Kedua, Google mengklaim cara merek menjalankan Play Store telah lama membantu lingkungan program yang digunakan baik kemudian kompetitif di dalam Indonesia.
Dalam keputusannya, KPPU sudah pernah menemukan bahwa wajar mengenakan biaya layanan untuk menggalang sistem ekologi ini, mengingat banyaknya layanan yang disediakan oleh Google Play. Layanan yang digunakan dimaksud mulai dari upaya untuk merawat keamanan Android juga Play, distribusi aplikasi, hingga alat juga pelatihan pengembang.
Semua itu ditambah dengan sistem pembayaran, yang tersebut menyediakan wadah pembayaran yang tersebut konsisten, aman, lalu terjamin guna memberi pengguna pilihan beragam opsi pembayaran.
Namun, Google memandang bahwa KPPU gagal mempertimbangkan persaingan yang dimaksud kuat seputar biaya layanan, yang terus pihaknya turunkan.

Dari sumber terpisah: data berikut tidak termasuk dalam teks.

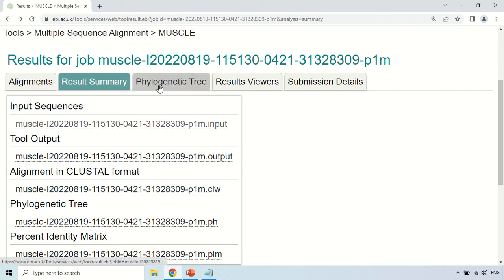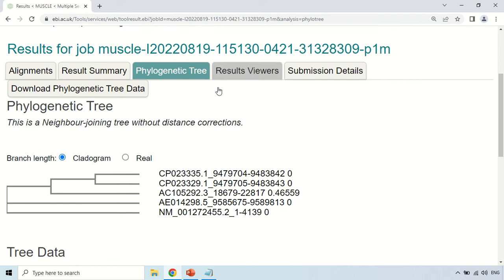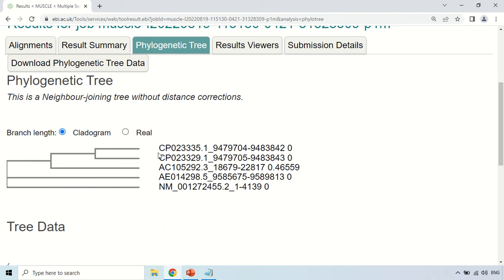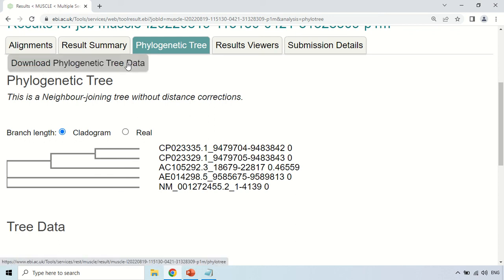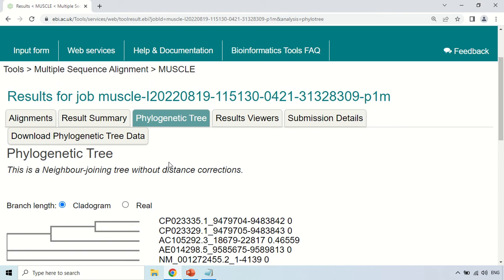Now comes the Phylogenetic Tree option. If you click here, the tool will generate a phylogenetic tree for you. As you can clearly see, this is the phylogenetic tree of the five sequences I gave to the tool. These are the accession numbers — this information is about the sequences. This is the cladogram or phylogenetic tree generated according to their alignment result. You can also download this tree data under the 'Download Phylogenetic Tree Data' section. So by using this MUSCLE tool, you can perform multiple sequence alignment and also generate a phylogenetic tree.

Di Indonesia, bagi pengembang yang digunakan mengedarkan konten digital di perangkat lunak mereka, sebagian besar memenuhi persyaratan untuk biaya layanan sebesar 15 persen atau kurang.
"Model kegiatan bisnis kami menyokong pengembangan serta pembangunan ekonomi berkelanjutan ke platform, menyelaraskan kesuksesan kami dengan para pengembang Play Store," tulis perusahaan.

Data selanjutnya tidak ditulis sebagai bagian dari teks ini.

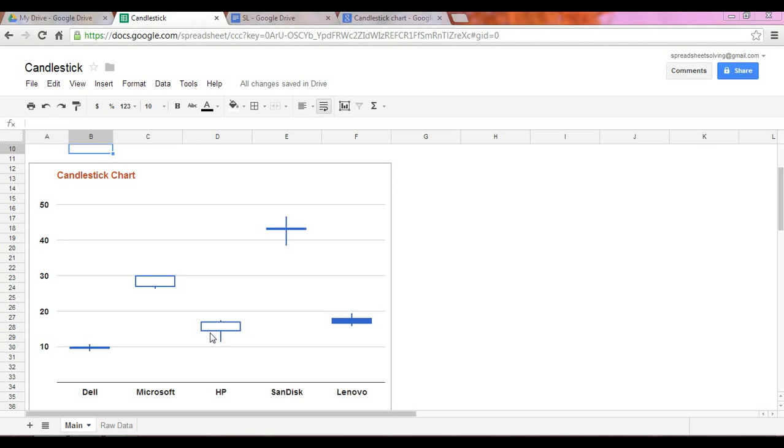So hollow boxes mean that there is a loss because the close price was less than the opening price. In contrast, a filled box represents a gain because your closing price will be higher than the opening price.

Ketiga, sistem penagihan pilihan pengguna (UCB) Google Play telah dilakukan menunjukkan komitmen yang tersebut kuat terhadap pilihan. Google menjelaskan, ketersediaan sistem penagihan pilihan pengguna (UCB) telah lama menjawab sejumlah kegelisahan yang digunakan dipertimbangkan oleh KPPU, salah satunya dengan menyediakan alternatif sistem penagihan Google Play lalu memperluas metode pembayaran yang tersedia.

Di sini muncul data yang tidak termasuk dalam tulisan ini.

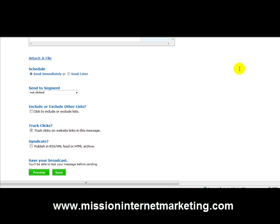That's it — as I said, it's a short video. I hope you found that helpful. If you want to know how you can utilize this feature of Aweber to increase your conversions on your sales, please visit my blog — there are a couple of posts on this tactic at MissionInternetMarketing.com. Thanks so much, I'll speak to you soon.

Disebut, Google Play menyokong sejumlah metode pembayaran serta merupakan toko perangkat lunak besar pertama yang mengizinkan pengembang menawarkan sistem pembayaran mereka sendiri. UCB telah terjadi tersedia untuk pengembang perangkat lunak pada Tanah Air sejak tahun 2022, dan juga Tanah Air di antaranya di dalam antara negara pertama di bumi yang tersebut mendapat faedah dari acara ini.
Google menegaskan komitmennya untuk memperluas inisiatif UCB ke pengembang gim di Indonesia. Selain itu, inisiatif percontohan UCB sudah menawarkan pengurangan biaya layanan sebesar 4 persen untuk proses yang tersebut dilaksanakan menggunakan sistem pembayaran alternatif.
Upaya banding Google juga akan mengangkat beberapa orang keberatan tambahan, termasuk kekeliruan faktual, hambatan prosedural, juga ketidakcukupan standar bukti yang diajukan.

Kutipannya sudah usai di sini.